Pain and muscle spasms are common responses to injury. Tendons and ligaments are tissues that connect muscles and bones to each other and to other tissues. The basic building material of muscles, tendons, and ligaments is a protein called collagen. Under normal conditions, collagen acts like a rubber band: It stretches when tension is applied (as when we pull a rubber band) and returns to its normal length when the tension is released. However, when the collagen is stretched too far, it tears. In this tearing process, blood vessels are torn and blood cells and fluid escape into the spaces among the muscle fibers. This is sometimes visible on the surface of the skin as a swollen, bruised area.

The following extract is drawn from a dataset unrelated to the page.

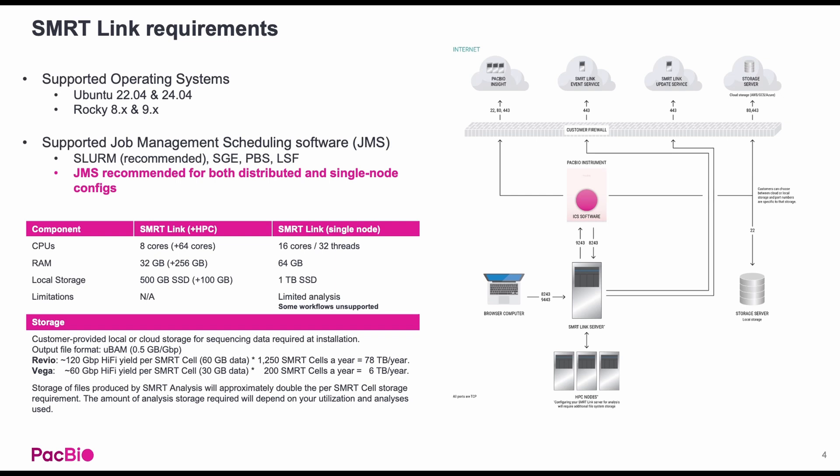On the right is a network diagram showing how SmartLink connects to the instrument, to the HPC, and to PacBio remote services for support. It also shows how any computer on the same network can access SmartLink using a web browser.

Cold applied to the area decreases the flow of this fluid into the tissues and slows the release of chemicals that cause pain and inflammation. Cold decreases feeling in an area by reducing the ability of the nerve endings to conduct impulses. It may also reduce pain by “countering” the injury. For example, you might counter the pain of a sore tooth by pinching yourself hard in the leg.
Cold also decreases the activity of cells to reduce swelling and internal bleeding at the site of acute injury. Cooling the deep tissue also reduces muscle spasm by reducing the muscle’s ability to maintain a contraction (contractility).
Because cold reduces bleeding and swelling within injured tissue, it is best used in the first 48 hours after an injury and usually longer after a surgery.